>>>>

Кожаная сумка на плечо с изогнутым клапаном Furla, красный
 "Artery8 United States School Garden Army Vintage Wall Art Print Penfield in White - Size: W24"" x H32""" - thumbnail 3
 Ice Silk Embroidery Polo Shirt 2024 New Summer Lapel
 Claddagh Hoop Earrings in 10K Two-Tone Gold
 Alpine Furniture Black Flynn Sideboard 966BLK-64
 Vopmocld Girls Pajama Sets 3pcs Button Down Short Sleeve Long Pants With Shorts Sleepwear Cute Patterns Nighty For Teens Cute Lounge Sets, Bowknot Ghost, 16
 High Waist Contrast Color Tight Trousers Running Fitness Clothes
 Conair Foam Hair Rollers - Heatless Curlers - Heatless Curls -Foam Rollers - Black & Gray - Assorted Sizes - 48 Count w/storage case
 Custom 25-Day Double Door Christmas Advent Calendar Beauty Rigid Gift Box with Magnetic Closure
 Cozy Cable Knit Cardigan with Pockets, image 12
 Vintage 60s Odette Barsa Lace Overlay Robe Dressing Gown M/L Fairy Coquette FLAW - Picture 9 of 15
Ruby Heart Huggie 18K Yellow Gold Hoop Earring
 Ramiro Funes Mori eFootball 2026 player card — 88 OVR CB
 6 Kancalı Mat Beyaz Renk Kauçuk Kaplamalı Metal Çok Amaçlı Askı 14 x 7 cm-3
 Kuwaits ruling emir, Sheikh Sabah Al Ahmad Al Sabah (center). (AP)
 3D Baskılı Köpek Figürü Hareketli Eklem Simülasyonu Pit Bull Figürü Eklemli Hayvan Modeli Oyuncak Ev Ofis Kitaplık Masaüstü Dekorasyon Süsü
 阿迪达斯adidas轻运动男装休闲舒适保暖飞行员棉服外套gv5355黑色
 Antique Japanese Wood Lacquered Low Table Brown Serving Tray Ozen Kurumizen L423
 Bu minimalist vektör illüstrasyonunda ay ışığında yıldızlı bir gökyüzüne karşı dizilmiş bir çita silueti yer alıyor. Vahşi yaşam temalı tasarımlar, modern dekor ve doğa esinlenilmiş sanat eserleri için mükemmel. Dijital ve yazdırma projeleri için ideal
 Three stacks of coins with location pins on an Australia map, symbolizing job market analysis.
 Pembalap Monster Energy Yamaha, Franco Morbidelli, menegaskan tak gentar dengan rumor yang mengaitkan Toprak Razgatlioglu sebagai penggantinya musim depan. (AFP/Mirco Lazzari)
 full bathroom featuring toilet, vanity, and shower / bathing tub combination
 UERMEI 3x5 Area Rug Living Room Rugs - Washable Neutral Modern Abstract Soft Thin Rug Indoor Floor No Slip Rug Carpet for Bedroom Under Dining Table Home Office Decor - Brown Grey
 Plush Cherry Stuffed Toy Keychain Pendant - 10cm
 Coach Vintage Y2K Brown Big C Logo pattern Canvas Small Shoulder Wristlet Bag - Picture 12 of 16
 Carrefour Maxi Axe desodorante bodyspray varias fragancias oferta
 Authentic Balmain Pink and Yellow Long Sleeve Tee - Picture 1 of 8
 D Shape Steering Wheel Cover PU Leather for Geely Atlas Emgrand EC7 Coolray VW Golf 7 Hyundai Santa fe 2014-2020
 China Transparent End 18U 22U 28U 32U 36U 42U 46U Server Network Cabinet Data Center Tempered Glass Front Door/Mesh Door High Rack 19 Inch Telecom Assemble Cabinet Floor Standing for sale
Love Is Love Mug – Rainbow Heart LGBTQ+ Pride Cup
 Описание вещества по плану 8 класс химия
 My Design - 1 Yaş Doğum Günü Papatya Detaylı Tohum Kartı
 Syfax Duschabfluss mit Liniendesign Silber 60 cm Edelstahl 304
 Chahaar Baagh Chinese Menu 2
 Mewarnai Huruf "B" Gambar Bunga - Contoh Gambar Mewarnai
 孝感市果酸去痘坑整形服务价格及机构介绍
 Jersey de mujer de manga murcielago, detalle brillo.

<<<<

■ **YOUR GOAL**: The expected output is the run of lines from the one that includes "D Shape Steering" through the end of the listing above, exactly as they stand.

■ **OUTPUT FOR THIS EXERCISE**:
 D Shape Steering Wheel Cover PU Leather for Geely Atlas Emgrand EC7 Coolray VW Golf 7 Hyundai Santa fe 2014-2020
 China Transparent End 18U 22U 28U 32U 36U 42U 46U Server Network Cabinet Data Center Tempered Glass Front Door/Mesh Door High Rack 19 Inch Telecom Assemble Cabinet Floor Standing for sale
Love Is Love Mug – Rainbow Heart LGBTQ+ Pride Cup
 Описание вещества по плану 8 класс химия
 My Design - 1 Yaş Doğum Günü Papatya Detaylı Tohum Kartı
 Syfax Duschabfluss mit Liniendesign Silber 60 cm Edelstahl 304
 Chahaar Baagh Chinese Menu 2
 Mewarnai Huruf "B" Gambar Bunga - Contoh Gambar Mewarnai
 孝感市果酸去痘坑整形服务价格及机构介绍
 Jersey de mujer de manga murcielago, detalle brillo.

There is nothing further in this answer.